21 Nisan 2019 Pazar

Lviv Gezi Hikayem -4 / Eyvah Kalacak Ev Yok!


Tatil öncesinde Booking.com’dan Lviv’de kalacağımız evi beğendik. Ev sahibi Yuri ile sistem üzerinden yazıştık. Sonrasında Yuri aradan Booking’i çıkarıp da Whatsapp’dan yazmaya başlayınca ve ön ödemeyi Western Union ile yapmamızı isteyince hafiften şüphelenmiştik. Ön ödemeyi kabul etmedik gerçi ama, sistem dışına çıkması midemizi de bulandırdı açıkçası. İnsanın bazen basireti bağlanıyor işte. Niye başka ev bakmadık ki!

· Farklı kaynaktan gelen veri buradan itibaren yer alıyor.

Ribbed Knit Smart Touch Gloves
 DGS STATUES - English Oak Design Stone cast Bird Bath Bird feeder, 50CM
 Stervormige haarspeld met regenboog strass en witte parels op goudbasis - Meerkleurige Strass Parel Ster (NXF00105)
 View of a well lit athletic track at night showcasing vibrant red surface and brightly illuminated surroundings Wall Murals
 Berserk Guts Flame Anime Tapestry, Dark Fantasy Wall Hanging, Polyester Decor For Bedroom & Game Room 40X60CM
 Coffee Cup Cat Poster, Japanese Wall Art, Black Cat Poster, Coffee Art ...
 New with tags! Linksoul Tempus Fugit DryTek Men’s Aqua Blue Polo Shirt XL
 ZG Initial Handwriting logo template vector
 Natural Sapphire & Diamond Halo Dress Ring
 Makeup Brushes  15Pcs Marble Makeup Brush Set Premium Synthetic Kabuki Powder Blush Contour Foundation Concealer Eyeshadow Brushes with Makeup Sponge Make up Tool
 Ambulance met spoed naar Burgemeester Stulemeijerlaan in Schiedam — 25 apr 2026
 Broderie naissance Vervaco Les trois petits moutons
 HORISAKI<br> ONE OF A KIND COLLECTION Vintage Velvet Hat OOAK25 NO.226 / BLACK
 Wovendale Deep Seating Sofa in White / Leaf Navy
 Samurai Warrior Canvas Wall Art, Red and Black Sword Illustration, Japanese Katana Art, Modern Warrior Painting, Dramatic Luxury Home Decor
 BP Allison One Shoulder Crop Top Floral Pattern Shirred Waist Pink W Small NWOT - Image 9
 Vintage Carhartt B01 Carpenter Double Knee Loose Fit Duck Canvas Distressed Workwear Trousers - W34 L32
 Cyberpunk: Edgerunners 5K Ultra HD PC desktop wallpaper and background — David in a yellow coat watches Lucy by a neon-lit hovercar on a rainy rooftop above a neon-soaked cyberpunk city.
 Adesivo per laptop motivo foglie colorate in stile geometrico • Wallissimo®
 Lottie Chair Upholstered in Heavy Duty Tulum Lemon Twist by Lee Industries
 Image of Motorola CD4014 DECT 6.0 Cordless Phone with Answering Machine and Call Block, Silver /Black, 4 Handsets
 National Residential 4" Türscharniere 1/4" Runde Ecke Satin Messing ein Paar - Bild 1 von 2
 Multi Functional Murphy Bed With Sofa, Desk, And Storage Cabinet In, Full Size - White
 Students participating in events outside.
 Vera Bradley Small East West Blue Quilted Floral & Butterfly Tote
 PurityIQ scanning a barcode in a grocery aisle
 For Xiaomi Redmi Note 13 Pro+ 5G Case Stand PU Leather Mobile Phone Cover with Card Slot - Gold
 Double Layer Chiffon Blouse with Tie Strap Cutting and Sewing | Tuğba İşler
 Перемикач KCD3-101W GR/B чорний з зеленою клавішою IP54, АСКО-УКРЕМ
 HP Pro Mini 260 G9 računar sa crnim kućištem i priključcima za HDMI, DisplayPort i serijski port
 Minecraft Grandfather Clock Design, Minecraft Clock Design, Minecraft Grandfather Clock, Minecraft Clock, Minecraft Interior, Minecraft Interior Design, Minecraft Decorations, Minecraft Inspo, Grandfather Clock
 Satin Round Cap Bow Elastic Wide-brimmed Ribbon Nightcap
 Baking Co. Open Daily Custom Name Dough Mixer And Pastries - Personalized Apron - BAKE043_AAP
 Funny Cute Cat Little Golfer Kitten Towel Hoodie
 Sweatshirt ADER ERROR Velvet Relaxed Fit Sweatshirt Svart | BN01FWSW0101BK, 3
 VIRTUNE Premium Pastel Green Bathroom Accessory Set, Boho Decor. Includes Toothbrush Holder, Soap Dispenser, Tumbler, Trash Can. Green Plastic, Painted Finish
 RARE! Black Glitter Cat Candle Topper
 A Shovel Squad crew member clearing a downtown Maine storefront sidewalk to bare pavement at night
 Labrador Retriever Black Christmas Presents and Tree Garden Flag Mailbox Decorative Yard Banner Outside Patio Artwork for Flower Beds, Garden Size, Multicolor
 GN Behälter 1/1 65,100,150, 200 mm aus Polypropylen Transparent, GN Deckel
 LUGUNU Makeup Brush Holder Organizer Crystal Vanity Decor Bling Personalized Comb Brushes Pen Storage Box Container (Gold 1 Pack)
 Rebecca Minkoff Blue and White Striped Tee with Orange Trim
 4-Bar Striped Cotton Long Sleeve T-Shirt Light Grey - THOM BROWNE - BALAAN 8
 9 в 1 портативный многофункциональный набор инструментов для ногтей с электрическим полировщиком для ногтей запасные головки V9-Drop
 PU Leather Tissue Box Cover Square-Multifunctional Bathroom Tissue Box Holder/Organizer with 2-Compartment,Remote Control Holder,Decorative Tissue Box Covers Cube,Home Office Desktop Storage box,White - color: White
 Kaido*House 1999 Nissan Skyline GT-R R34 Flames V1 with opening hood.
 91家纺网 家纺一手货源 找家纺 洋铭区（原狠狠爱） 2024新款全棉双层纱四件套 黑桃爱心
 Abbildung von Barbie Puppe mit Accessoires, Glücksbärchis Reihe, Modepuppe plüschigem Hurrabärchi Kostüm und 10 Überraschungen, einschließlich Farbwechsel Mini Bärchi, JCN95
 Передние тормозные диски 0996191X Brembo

Neyse en son yazışmamızda Yuri ile evin altındaki kafede 20:00-20:30 gibi buluşmayı kararlaştırmıştık. Yürüyerek kafeye ulaştık. Elimizde valizler, yorgunuz, açız. Bir an önce şehrin ritmine karışmak istiyoruz. Etraf cıvıl cıvıl. Her yerde küçük konserler, mutlu yüzler. Adeta bir bayram havası var şehirde. 


Lviv'de coşkulu bir akşam karşıladı bizi... 

20:30 civarı kafeye geliyoruz. “Geldik” diye mesaj yazıyoruz, Yuri’de çıt yok! Üstelik yazdığımız Whatsapp mesajı ulaşmıyor bile kendisine! Bırakın “mavi tik”i, tek "tik" bile yok mesajda! “Yok canım” diyoruz, bir sıkıntı yoktur, o kadar konuştuk, o kadar pazarlık yaptı bizimle! Arayalım bari! Whatsapp’dan arıyoruz, çalıyor çalıyor açan yok telefonu! Hafiften geriliyoruz ama çaktırmıyoruz da! Aradan biraz daha zaman geçiyor, neredeyse akşam 21.00 olacak. Nihayet beklediğimiz “mavi tik” beliriyor mesajda, biraz olsun rahatlıyoruz. Ama kafamızdan da alternatif planlar geçmeye başlıyor. Ve Yuri’den bir mesaj geliyor:

Şehir merkezinde misiniz?”
Yuri'yi beklerken oturduğumuz şık kafe

Bu ne demek şimdi, sözleşmiştik ya hani, evin altındaki kafede buluşacaktık ya! Aradan on-on beş dakika daha geçiyor, nihayet Yuri geliyor. Profil fotosundaki özgüvenli tiple alakası yok! Şişe dibi gözlükleri olan, ergenlikten yeni çıkmış gibi, yirmili yaşlarının başında bir tip! Allahtan görüntüsü “hırt” değil, ama duruşu ve tavırları hayli telaşlı! Yanında iki tane de kadın var. Biri uzun boylu ve heybetli; diğeri ise kısa boylu ve daha sessiz, silik. Bavulları alıp evin giriş kapısına yöneliyoruz. O anda Yuri bombayı patlatıyor:

Bu evin ısınma ve su sorunu çıktı, şuradan taksiye atlayalım ben sizi başka bir eve götüreceğim!”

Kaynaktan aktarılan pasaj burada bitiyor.